Saturday, January 10, 2009

Joseph Stalin and Mao Zedong, Two Brutal Tyrants of Massive 20th-century Genocide. Have we learned anything yet?

Two massive, and now almost forgotten, genocides occured in the 20th century in the Ukraine, in the 1930's, and in China, from 1958 to 1961, under the brutal tyrants Josef Stalin (1879-1953) and Mao Zedong (a.k.a. Mao Tse-tung, 1893-1976). More than 7 million died in the Ukraine and 30 million in China, both under programs of forced famine and starvation.

The victims of these two genocides, unlike the Jews of the Holocaust, never received the satisfaction of judgement against the perpetrators of the genocide. Stalin, after decimating the population of the Ukraine and of Russia, continued to rule until 1953. Mao decimated China's population and continued to hold power until 1976, as the man with the "little red book of wisdom".

Both men were often idolized and lionized by the political left in the West, much like they have idolized and fictionalized the Arab radical-Muslim terrorists, and Communist killers like Ho Chi Minh, and, closer to home, Che Guevara and Fidel Castro.

By 1930 the Kulak farmers in the Ukraine were extinguished as a people, whole villages destroyed, as 25,000 of them died per day. Forced famine and starvation (the world's first purely man-made famine) were the means of genocide. As Ivan Stadnyuk wrote in his novel, People Are Not Angels, "The men died first, then the children, and finally the women. "Only one famine, that of China in 1877-78, was more destructive" than this one in the Ukraine. As enemies of the state, 10 million Kulaks were herded into boxcars and sent to Siberia, where they either died or were forced into slave labor. The central issue was to crush the peasant class, no matter what the human cost. When Hitler's Nazis occupied the Ukraine in 1941 they exchanged one reign of terror for another.
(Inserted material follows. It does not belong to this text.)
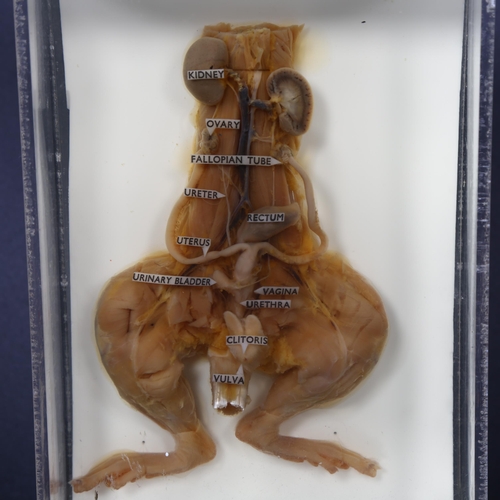 202 - Taxidermy - a Wet Specimen female Rat (Rattus rattus), study depicts the urino-genital system of the...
Nikolai Bukharin, who Lenin called the "darling of the party", stated that during the Bolshevik Revolution he had seen "things that I would not want even my enemies to see. Yet, 1919, cannot even be compared with what happened between 1930 and 1932. In 1919, we were fighting for our lives. We executed people , but we also risked our lives in the process. In the later period, however, we were conducting a mass annihilation of completely defenseless men, together with their wives and children." "A real dehumanization" had taken place among the Communist "professional bureaucrats," he felt.

Dr. Julius Margolin was an influential Lithuanian Jewish leader and a friend of the Soviet system prior to World War II. During the Soviet occupation of his country, he was, nevertheless, sent to a Siberian slave camp for seven years, along with hundreds of thousands of his country men. After his release, he wrote " Millions of men are perishing in the camps of the Soviet Union...Since they came into being, the Soviet camps have swallowed more people, have executed more victims, than all the other camps-Hitler included-together; and this lethal engine continues to operate full blast. And those who in reply only shrug their shouldres and try to dismiss the issue with vague and meaningless generalities, I consider moral abetters and accomplices of banditry."

In his definitive work on the Soviet carnage, The Great Terror, British scholar and Sovietologist, Robert Conquest, estimates the total number of people directly killed in the Soviet Union by the Communist athorities since the revolution to be conservatively about 21.5 million, and likely, about 50% higher, which would mean about 32 million directly killed. This was over a period of about 50 years, from about 1919 until 1970, when Conquest wrote. Senator Thomas J. Dodd, the member of the U.S. Senate Committee of the Judiciary, who had requested that Conquest write The Human Cost of Soviet Communism, for the Judiciary Committee, in an introduction to the 1970 U.S government publication, comes up with a "grand total of 35 million human lives as a minimum estimate and 45 million as a more probable estimate." He states," Mr Conquest does not include in his tabulation, although it is the conviction of the undersigned Senator that they belong there, his estimate that the cost of the civil war, from military action, executions, typhus, and famine, totaled 9 million lives, and that the great famine of 1921 which followed the civil war, cost another 5 million lives." How many more people were killed between 1970 and 1991, when the Soviet Union was formally dissolved?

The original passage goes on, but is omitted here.